For ODF and other advanced dosage forms, decoupling formulation MOQ from packaging MOQ is a particularly effective strategy to balance risk and scalability [14].
Conclusion
A reasonable MOQ emerges from manufacturing logic, not arbitrary thresholds. By aligning MOQ with formulation complexity and packaging constraints, both brands and manufacturers can reduce risk, control cost, and accelerate product launches. The framework presented here provides a practical basis for setting rational, flexible MOQs that support sustainable growth across diverse product portfolios.
References
Fu Y et al. Expert Opin Drug Deliv. 2004;1(4):673–690.

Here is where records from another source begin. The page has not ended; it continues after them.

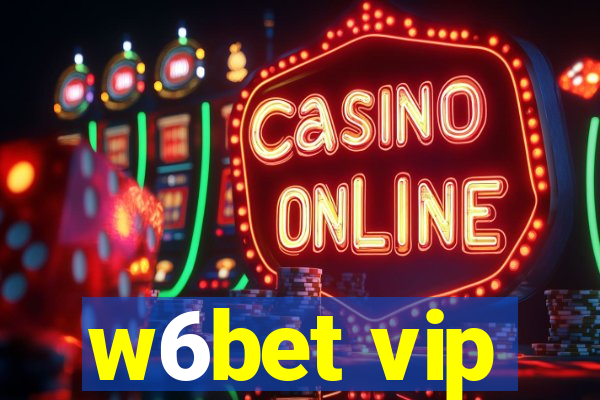 w6bet vip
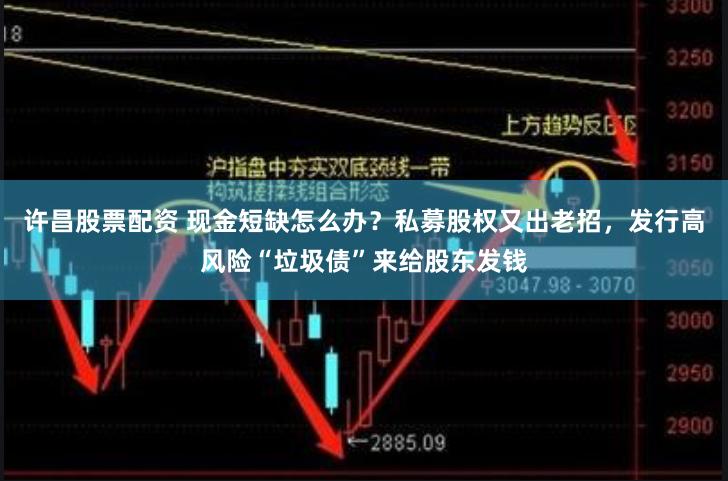 许昌股票配资 现金短缺怎么办？私募股权又出老招，发行高风险“垃圾债”来给股东发钱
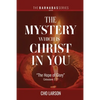 The Mystery Which Is Christ in You: "The Hope of Glory" (Colossians 1:27) - Paperback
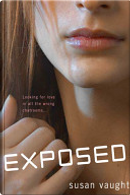 Exposed by Susan Vaught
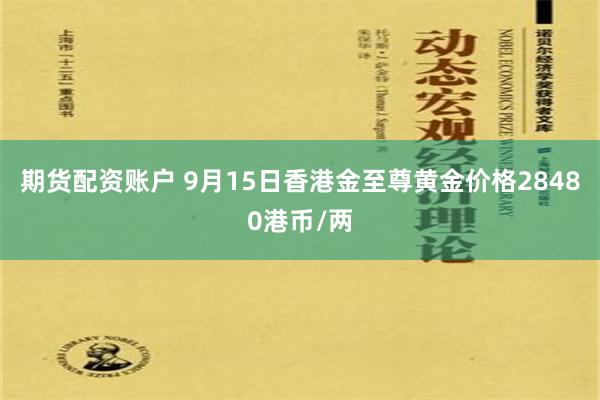 期货配资账户 9月15日香港金至尊黄金价格28480港币/两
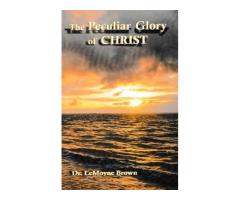 The Peculiar Glory of Christ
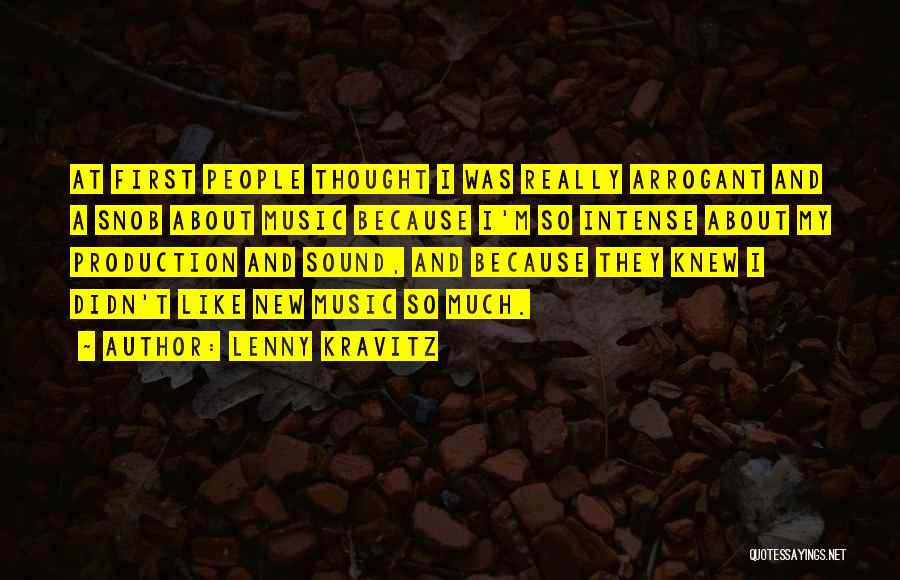 Lenny Kravitz Quotes: At First People Thought I Was Really Arrogant And A Snob About Music Because I'm So Intense About My Production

Preis M. J Pharm Pharmacol. 2013;65(2):157–170.
Dixit RP, Puthli SP. J Control Release. 2009;139(2):94–107.
Cilurzo F et al. Eur J Pharm Biopharm. 2008;70(3):895–900.
Bala R et al. Int J Pharm Investig. 2013;3(2):67–76.
Morales JO, McConville JT. Ther Deliv. 2011;2(5):637–646.
Hoffmann EM et al. Pharm Res. 2011;28(8):1914–1922.
Borges AF et al. Int J Pharm. 2015;494(1):332–339.
Arya A et al. Int J PharmTech Res. 2010;2(1):576–583.
Preis M et al. Drug Dev Ind Pharm. 2014;40(2):152–160.
USP <701> Disintegration Test.
USP <905> Uniformity of Dosage Units.
Keshari R, Keshari S. J Drug Deliv Ther. 2014;4(4):1–7.
Preis M. Drug Dev Ind Pharm. 2013;39(7):1049–1057.